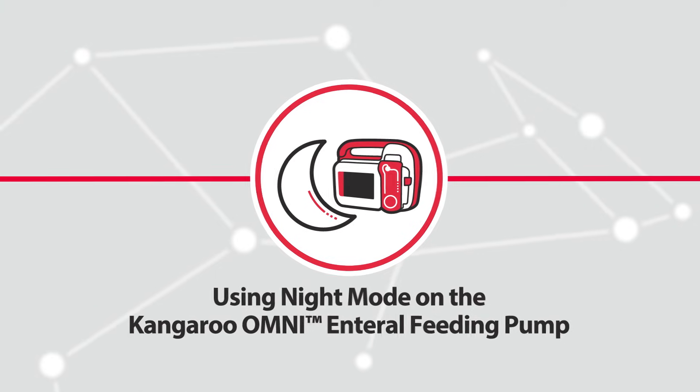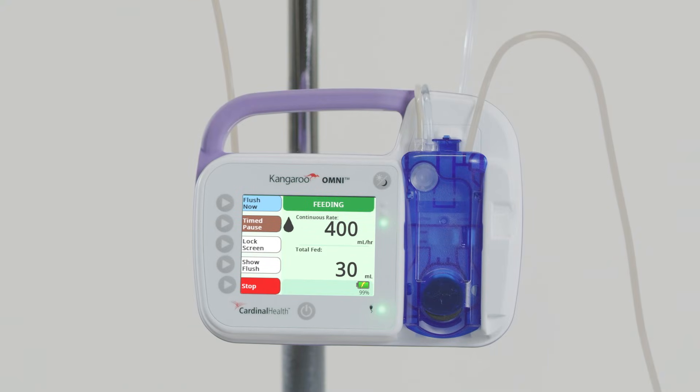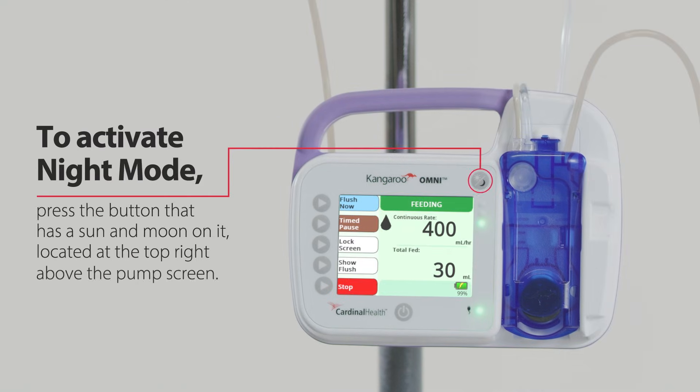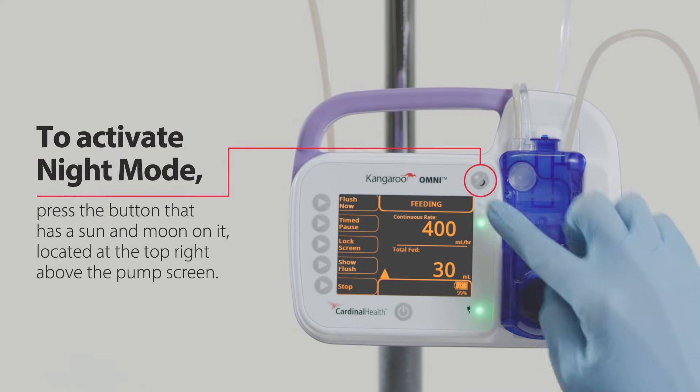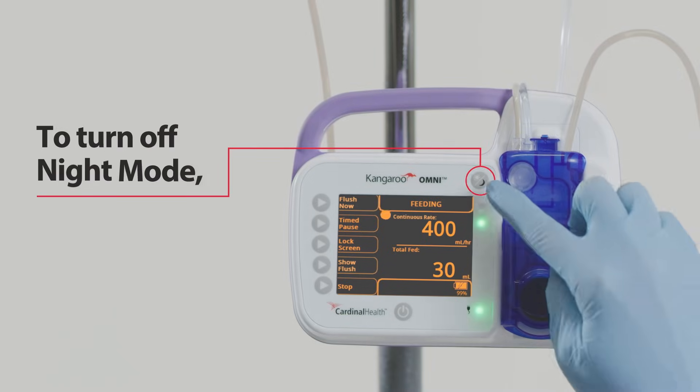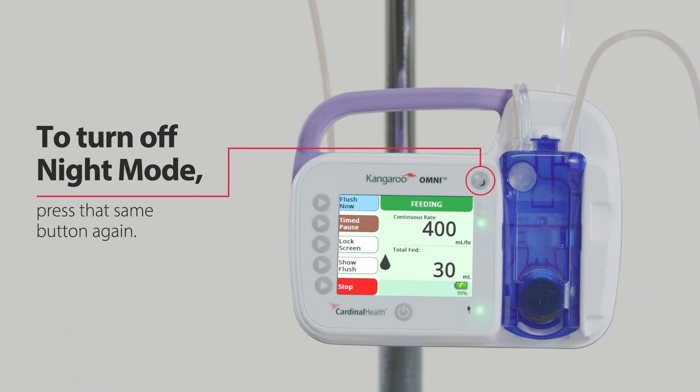The Night Mode feature reduces screen brightness by changing the display from full-color to black and orange, which is especially useful in minimizing disruption for patients who are feeding during the night. To activate Night Mode, press the button with a sun and moon on it, located at the top right above the pump screen. To turn off Night Mode, press the same button again.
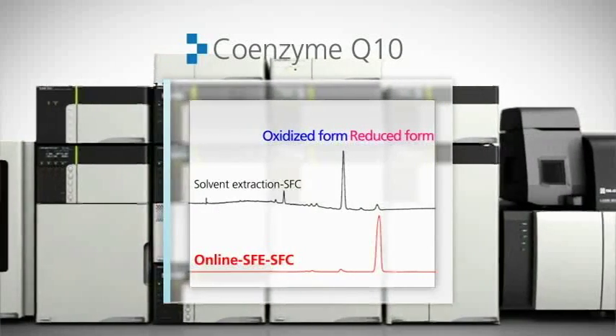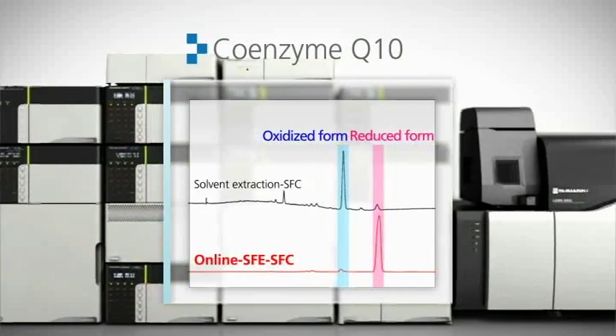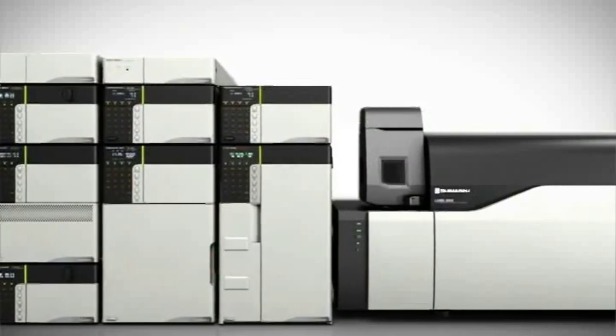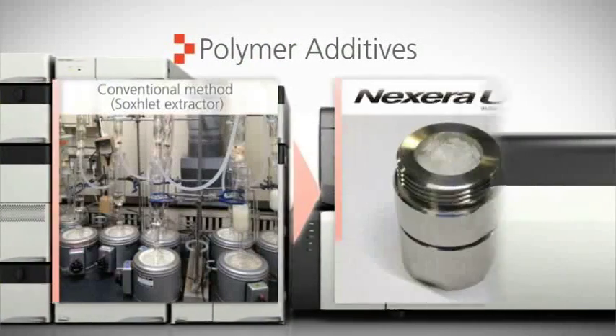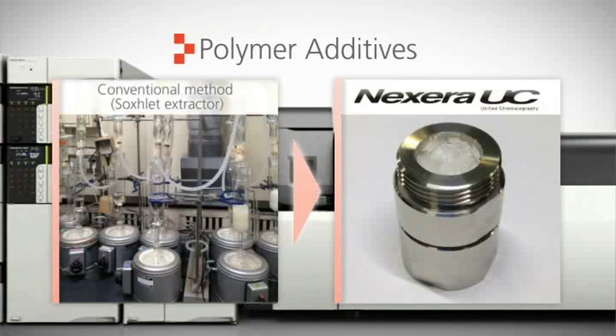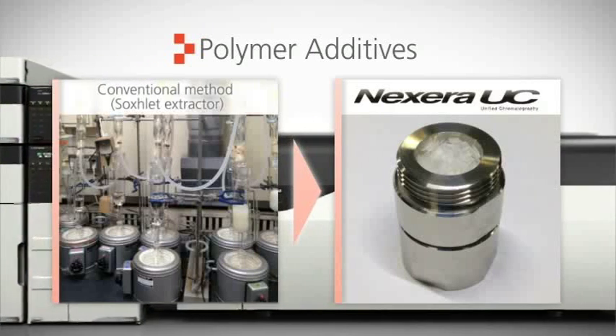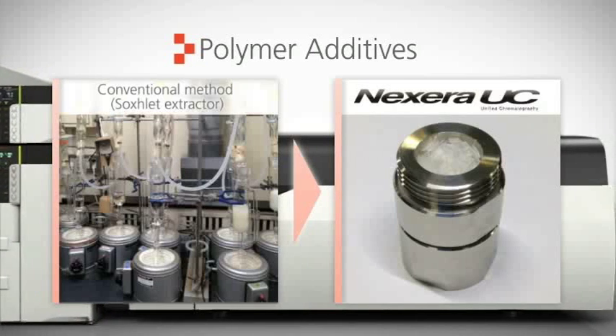Supercritical extraction of labile compounds, like the reduced form of coenzyme Q10, prevents oxidation that occurs with common sample preparation techniques. Conventional methods using Soxhlet extraction for analyses of polymer additives can now be done by simply loading comminuted samples into the extraction vessel.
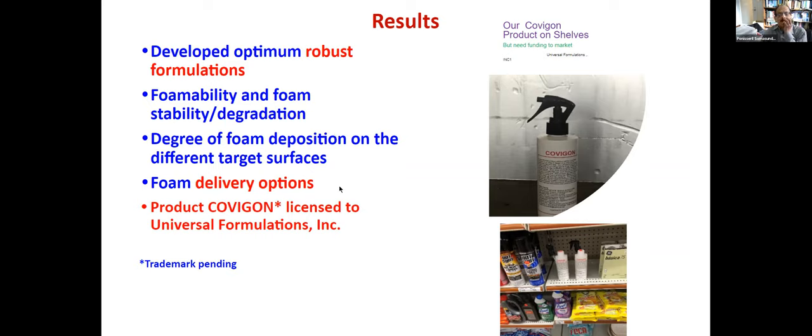We are hopeful. Unfortunately, this virus is still not going to go away for a long time, or there will be other viruses. This kind of strategy is very, very important for future pandemics also. This work was supported by one of the NSF RAPID grants, and we are very, very grateful for that — without it, we couldn't have done it. Thank you.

####################

• Problem to work on:
Leaving the pictures out, give back each line above exactly.

• Answer:
The Night Mode feature reduces screen brightness by changing the display from full-color to black and orange, which is especially useful in minimizing disruption for patients who are feeding during the night. To activate Night Mode, press the button with a sun and moon on it, located at the top right above the pump screen. To turn off Night Mode, press the same button again.
Supercritical extraction of labile compounds, like the reduced form of coenzyme Q10, prevents oxidation that occurs with common sample preparation techniques. Conventional methods using Soxhlet extraction for analyses of polymer additives can now be done by simply loading comminuted samples into the extraction vessel.
We are hopeful. Unfortunately, this virus is still not going to go away for a long time, or there will be other viruses. This kind of strategy is very, very important for future pandemics also. This work was supported by one of the NSF RAPID grants, and we are very, very grateful for that — without it, we couldn't have done it. Thank you.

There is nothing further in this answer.